Task statement: I would like the line with "cover art for" and every line after it, down to the end of the entries below, output exactly and without pictures.

Stored entries:
------
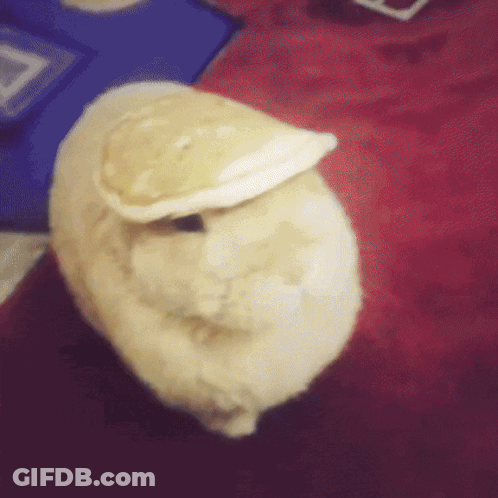 Stuffed Animal Laying On Red Blanket GIF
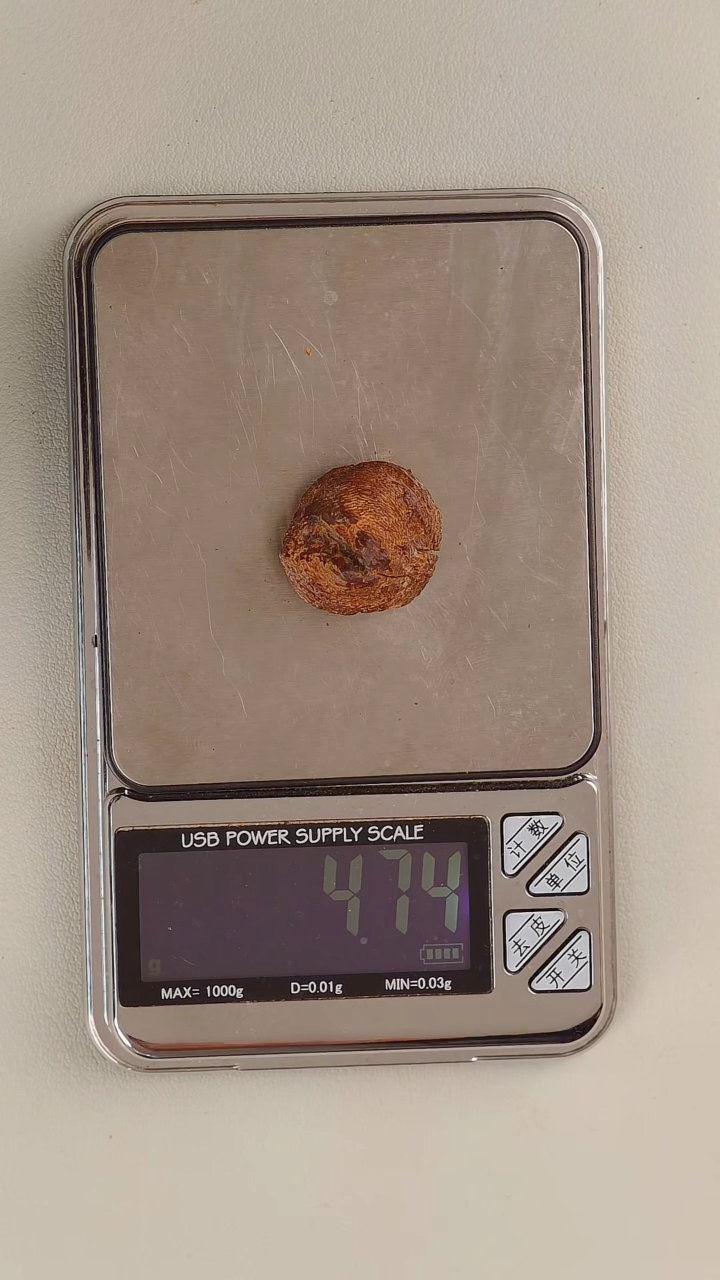 【闪购商品】沉香手把件越南富森红土沉水4.7g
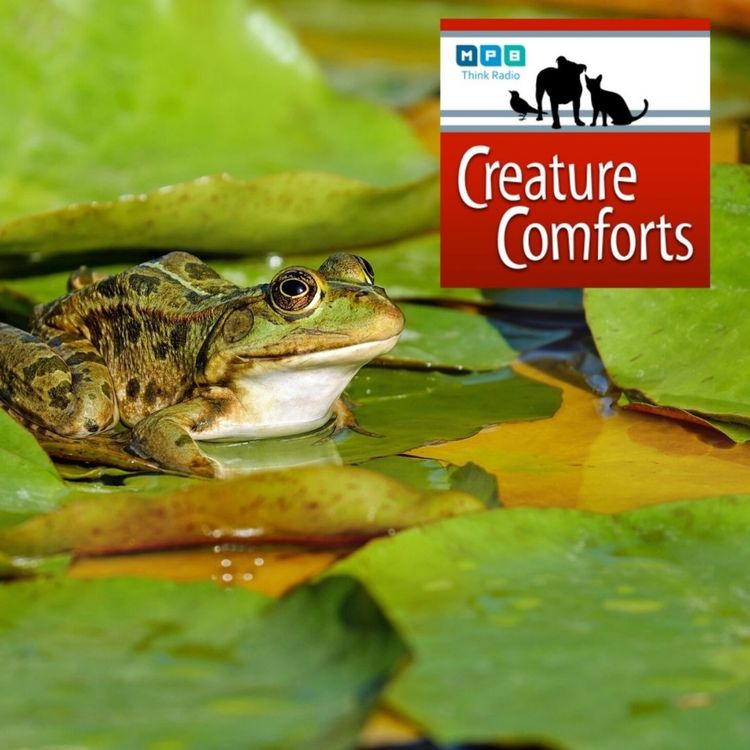 cover art for Creature Comforts: Leaping Leapers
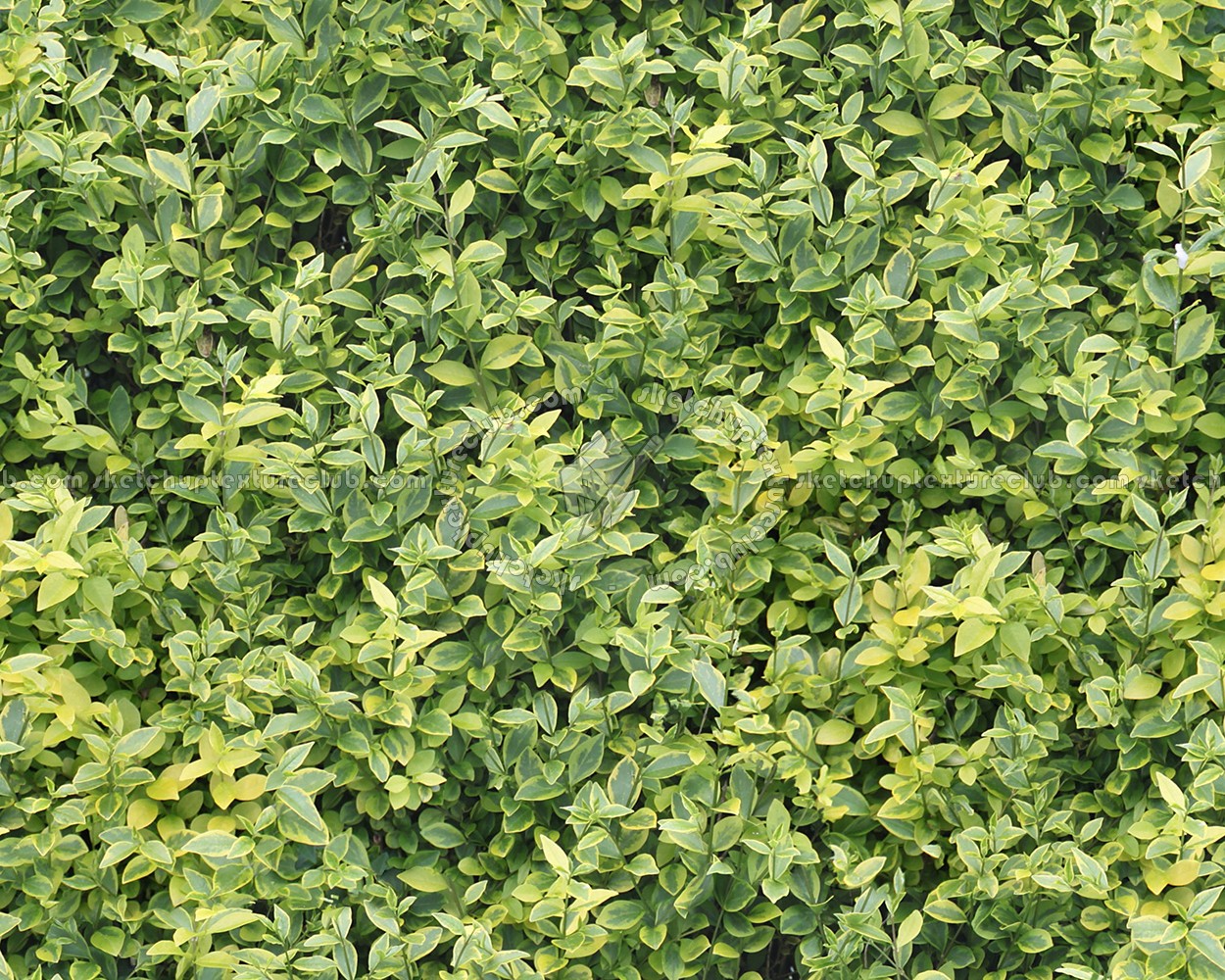 Textures   -   NATURE ELEMENTS   -   VEGETATION   -   Hedges  - Green hedge texture seamless 13076 (seamless)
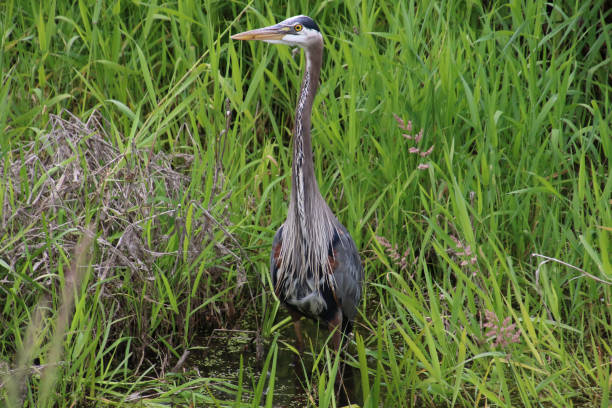 istock A great blue heron standing in a stagnant stream 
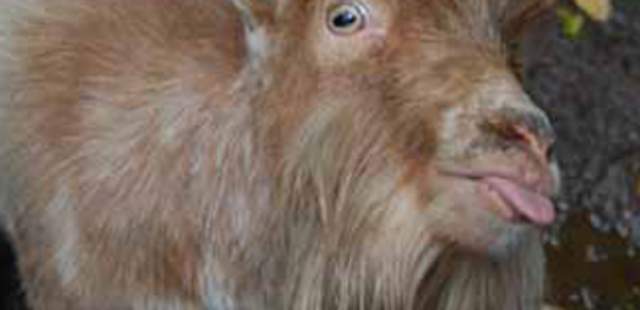 CSR – Gutes Tun für Mensch und Tier! CSR – Gutes Tun für Mensch und Tier!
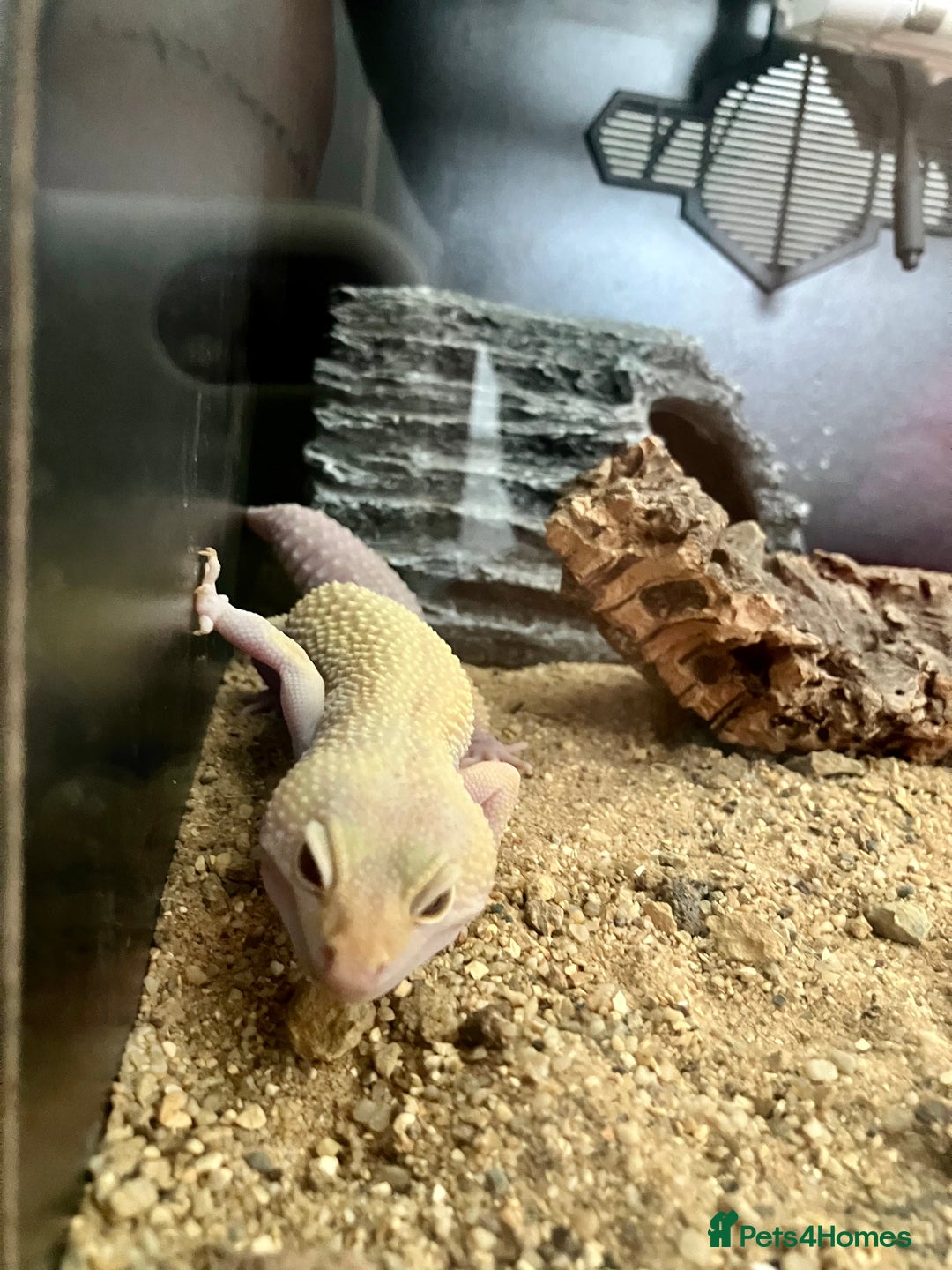 Leopard Gecko reptiles for sale: Albino leopard gecko  - Image 5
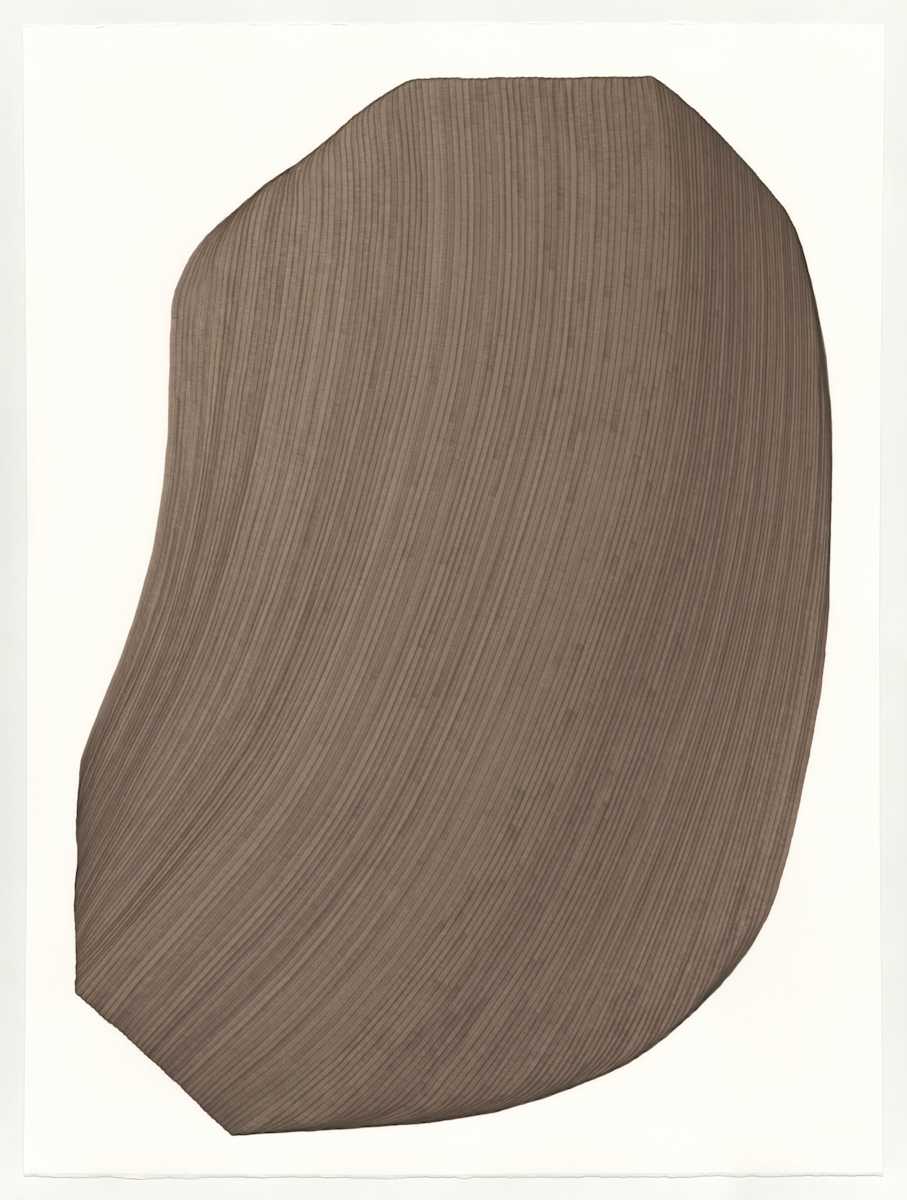 Lines 199 by Dana Piazza, Image 1.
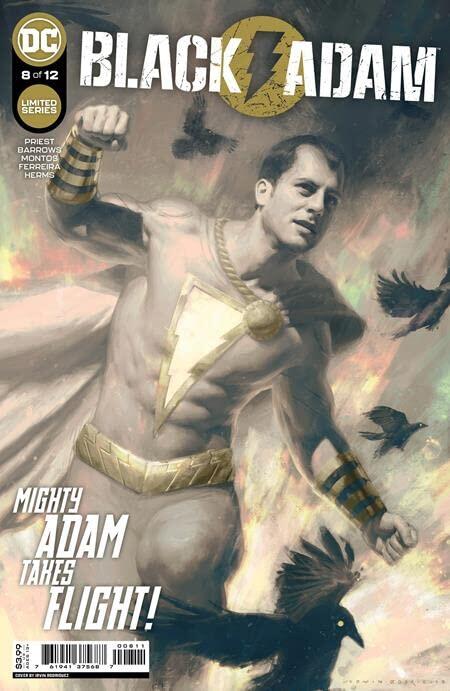 BLACK ADAM #8 CVR A IRVIN RODRIGUEZ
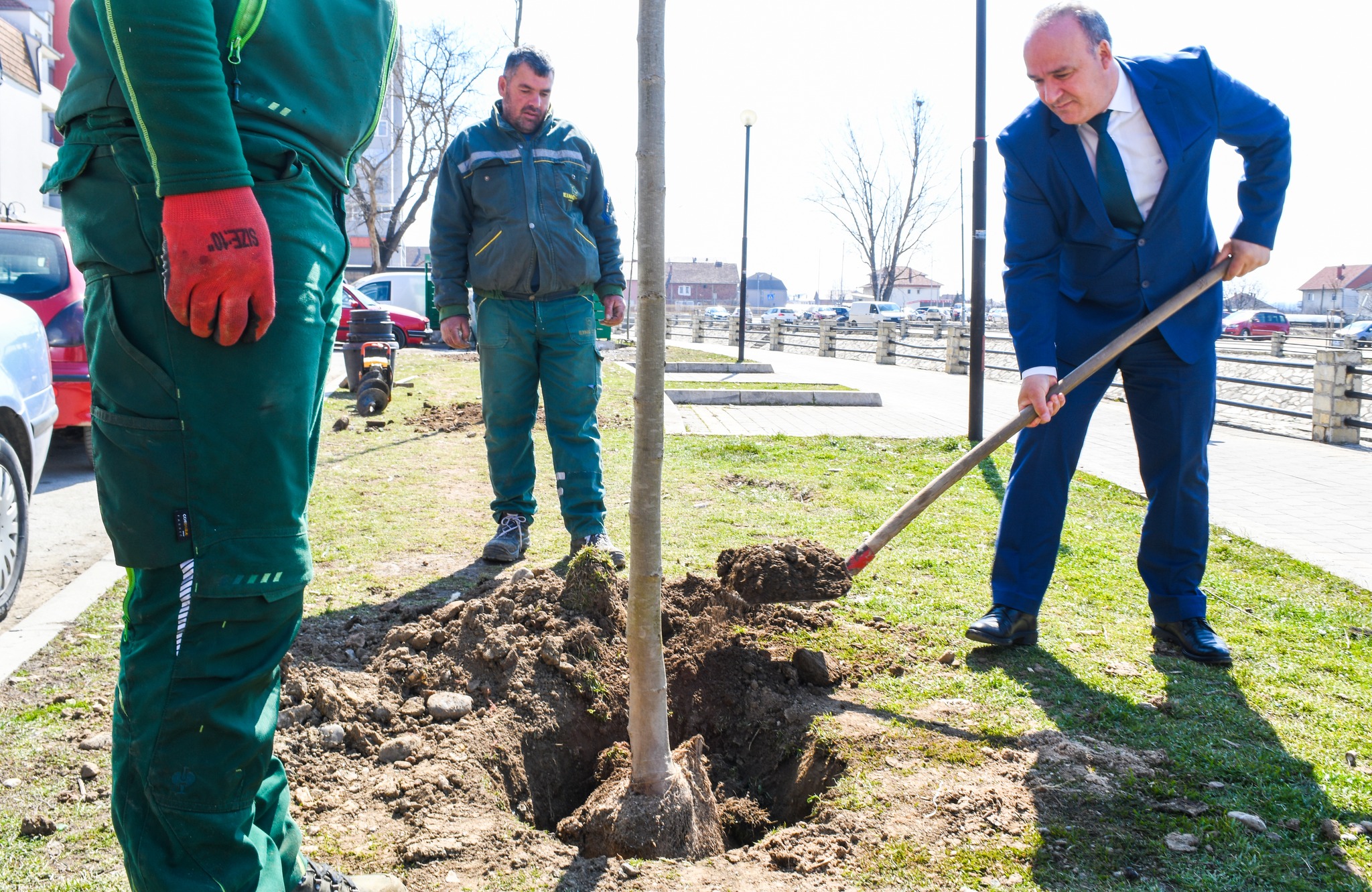  Mbjellen drunj në Ditën e Pranverës në Podujevë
------
Your response:
 cover art for Creature Comforts: Leaping Leapers
 Textures   -   NATURE ELEMENTS   -   VEGETATION   -   Hedges  - Green hedge texture seamless 13076 (seamless)
 istock A great blue heron standing in a stagnant stream 
 CSR – Gutes Tun für Mensch und Tier! CSR – Gutes Tun für Mensch und Tier!
 Leopard Gecko reptiles for sale: Albino leopard gecko  - Image 5
 Lines 199 by Dana Piazza, Image 1.
 BLACK ADAM #8 CVR A IRVIN RODRIGUEZ
  Mbjellen drunj në Ditën e Pranverës në Podujevë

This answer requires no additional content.